Send back the line that contains "晨光巨能写中性笔学生用水笔全" and all lines following it through the end of the data below, exactly, omitting pictures.

(Image-text web data)
::::::::

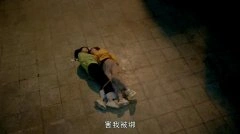 王子璇,周俐葳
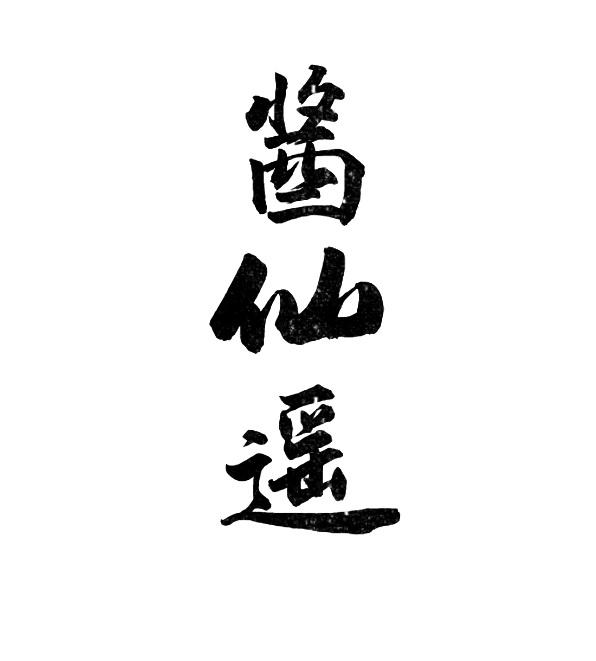 酱仙遥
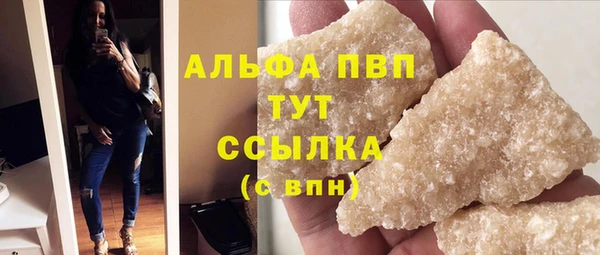 альфа пвп VHQ Армянск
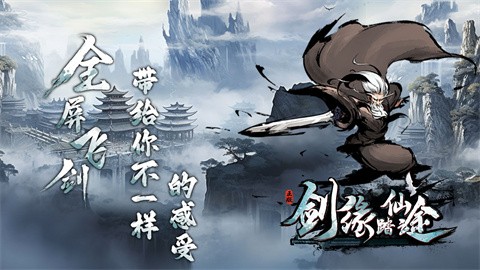 劍緣踏仙途截圖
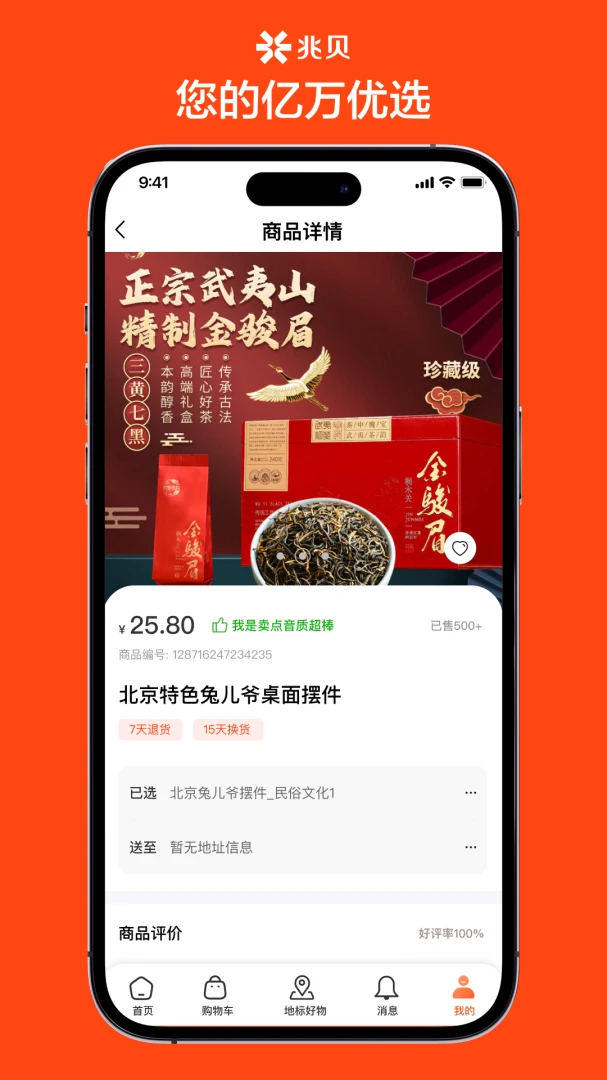 ��ؐ(ȫ����ﹺ��̨)v1.1.51 ��׿���ͼ1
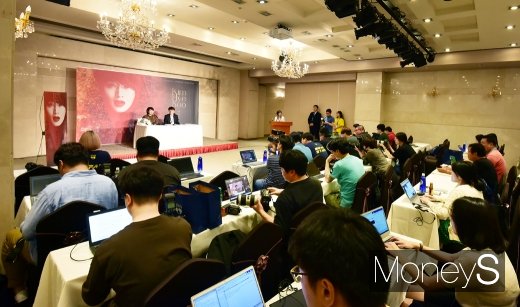 [머니S포토] 부천국제판타스틱영화제 '매혹, 김혜수' 특별전 기자회견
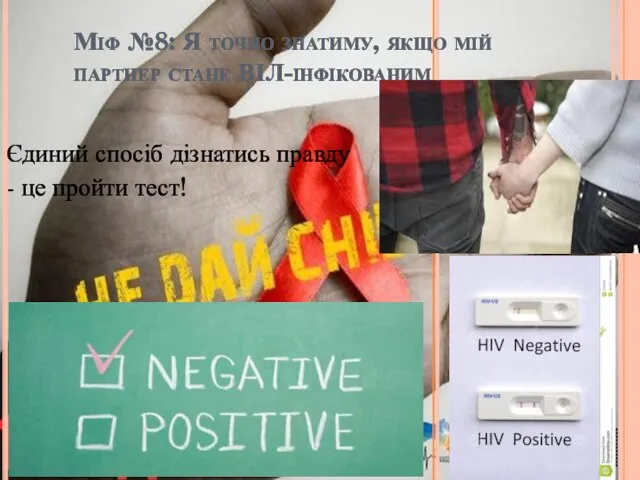 Міф №8: Я точно знатиму, якщо мій партнер стане ВІЛ-інфікованим Єдиний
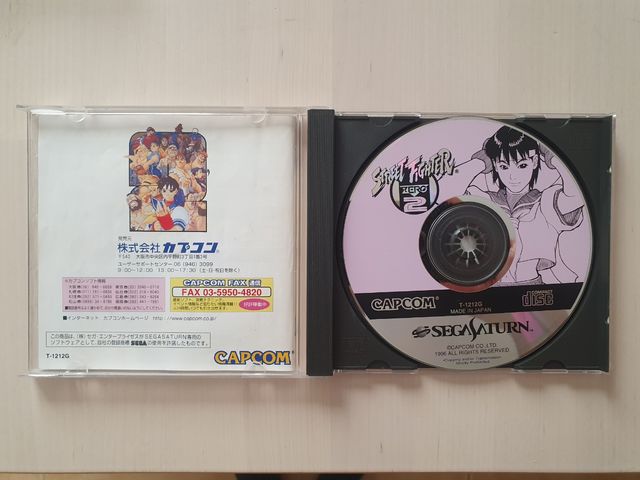 STREET FIGHTER ZERO 2 sega saturn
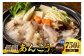 山陰沖で水揚げされた大きなアンコウを、ぜひ鍋で食べていただきたい！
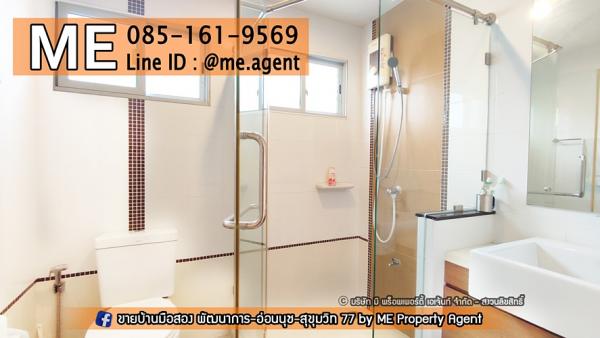 ��ҹ��������ԧ�� �ǹ��ǧ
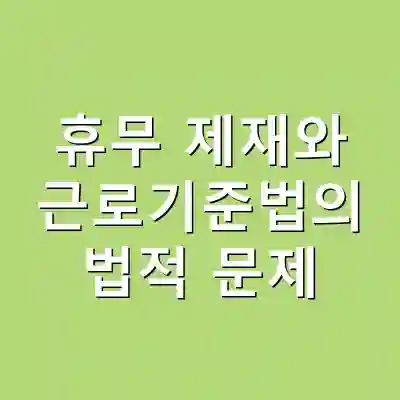 휴무 제재와 근로기준법의 법적 문제
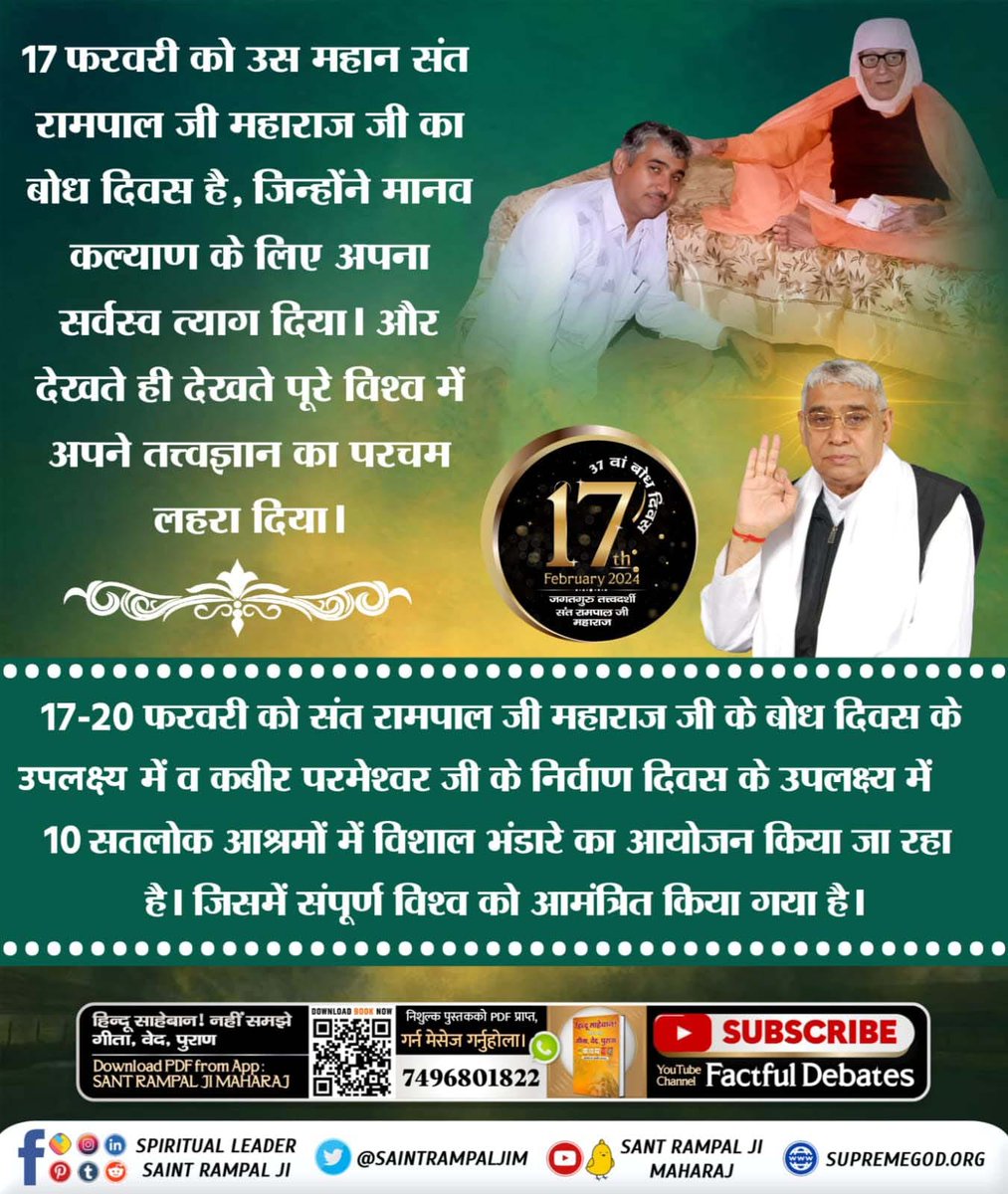#विश्व_का_सबसे_बड़ा_भंडारा
#Bhandara #langar #feast
#17Feb_SantRampalJi_BodhDiwas

#TheMission_Of_SantRampalJi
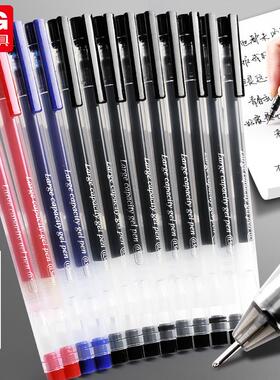 晨光巨能写中性笔学生用水笔全针管巨无霸大容量水性签字笔0.5mm黑色蓝色红色Y5501考试专用一次性黑笔碳素笔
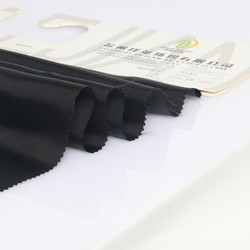 Sunshade and antifouling umbrella / car cover RECYCLED POLY PONGEE FABRIC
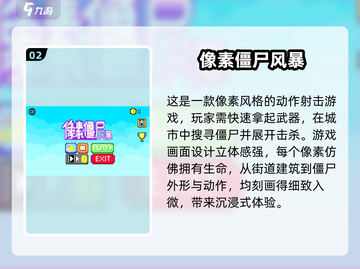 🔥2024必玩！超🔥僵尸生存游戏合集🎉截图3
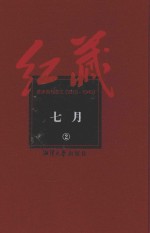红藏 进步期刊总汇 1915-1949 七月 2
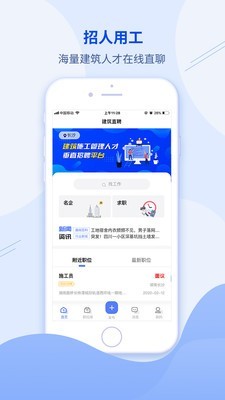 建筑直聘_截图1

::::::::

Result of this exercise =
 晨光巨能写中性笔学生用水笔全针管巨无霸大容量水性签字笔0.5mm黑色蓝色红色Y5501考试专用一次性黑笔碳素笔
 Sunshade and antifouling umbrella / car cover RECYCLED POLY PONGEE FABRIC
 🔥2024必玩！超🔥僵尸生存游戏合集🎉截图3
红藏 进步期刊总汇 1915-1949 七月 2
 建筑直聘_截图1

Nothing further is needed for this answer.